**DATA SEGMENT:**
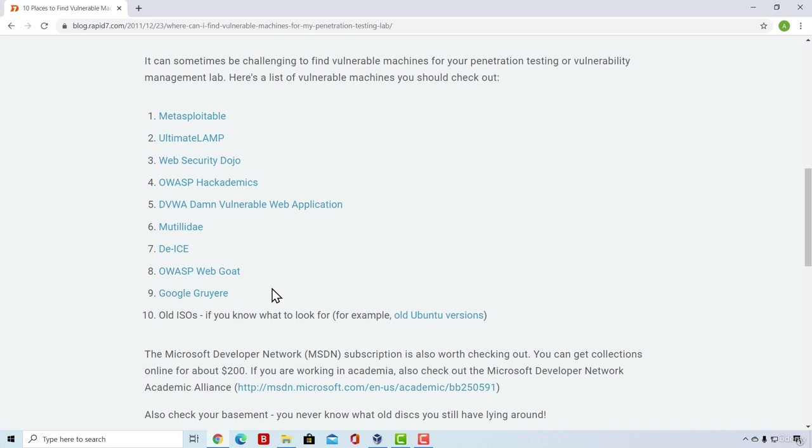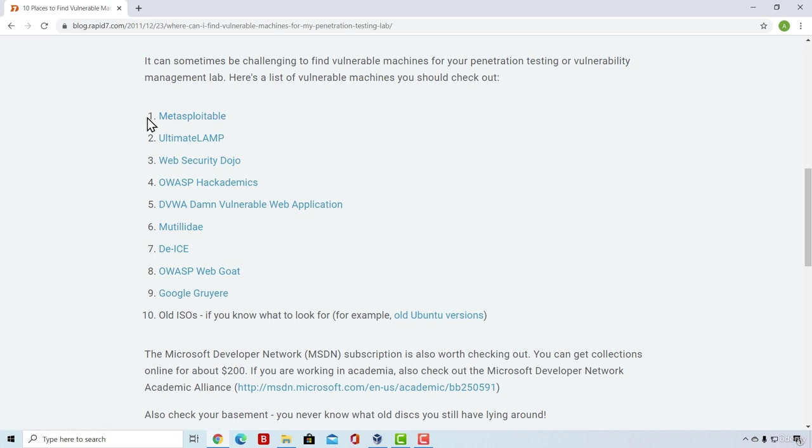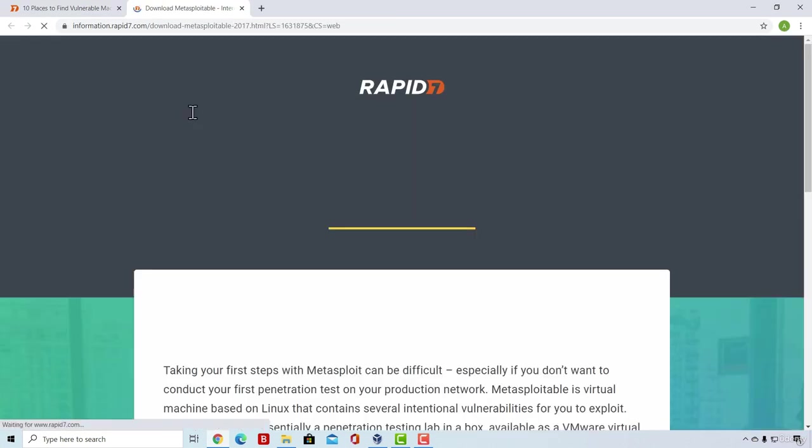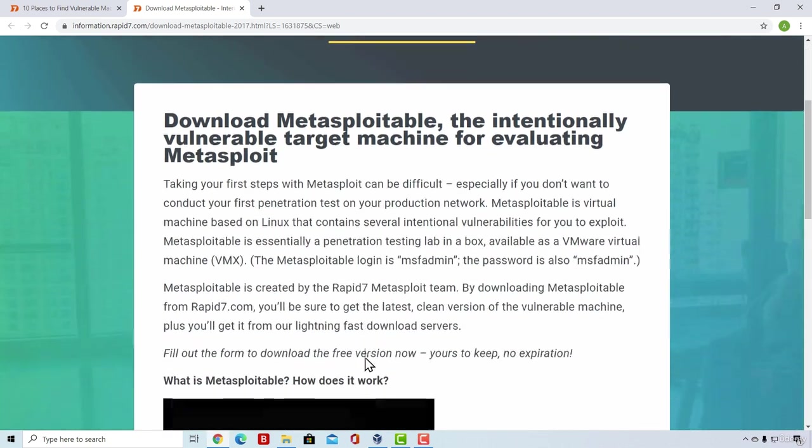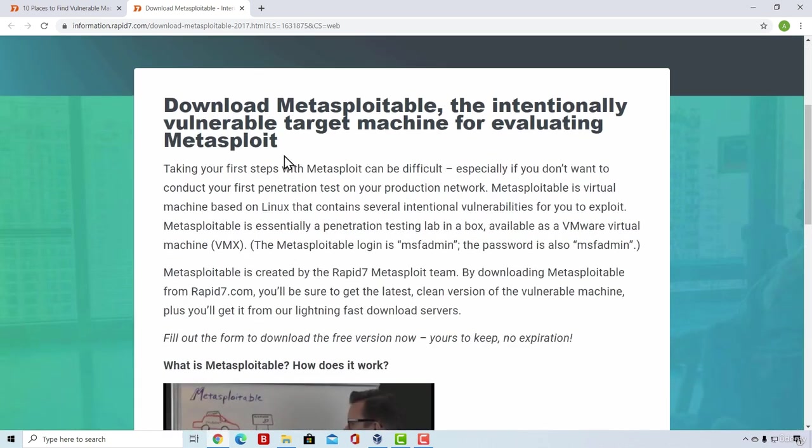And for this section, we are going to be going with the first one. So the name of it is Metasploitable. Click on it and it will route you to another page of Rapid7 website and it will tell you Metasploitable virtual machine to test. You can read through this if you want, as it tells you some of the information about the Metasploitable.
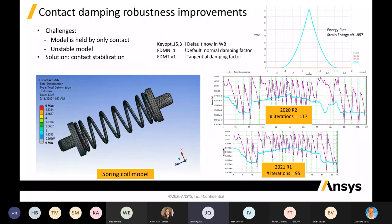They've also included additional initial interface treatments. Previously you had adjust to touch, offset with ramp or no ramp. Now they've added: offset only with no ramping, offset only with ramp effects, offset only, ignore initial status and offset only, and ignore initial status with no ramping. Often you'd initialize your model and it won't converge because contact isn't established at the beginning — now you can specify offset only with no ramping to address that.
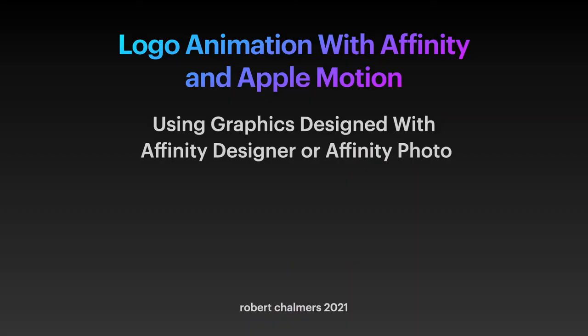So let's look at something that's really exciting and a lot of fun. Logo animation with Affinity and Apple Motion.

**AIM OF THE EXERCISE:** Print the listing exactly, pictures excluded.

**EXERCISE OUTPUT:**
And for this section, we are going to be going with the first one. So the name of it is Metasploitable. Click on it and it will route you to another page of Rapid7 website and it will tell you Metasploitable virtual machine to test. You can read through this if you want, as it tells you some of the information about the Metasploitable.
They've also included additional initial interface treatments. Previously you had adjust to touch, offset with ramp or no ramp. Now they've added: offset only with no ramping, offset only with ramp effects, offset only, ignore initial status and offset only, and ignore initial status with no ramping. Often you'd initialize your model and it won't converge because contact isn't established at the beginning — now you can specify offset only with no ramping to address that.
So let's look at something that's really exciting and a lot of fun. Logo animation with Affinity and Apple Motion.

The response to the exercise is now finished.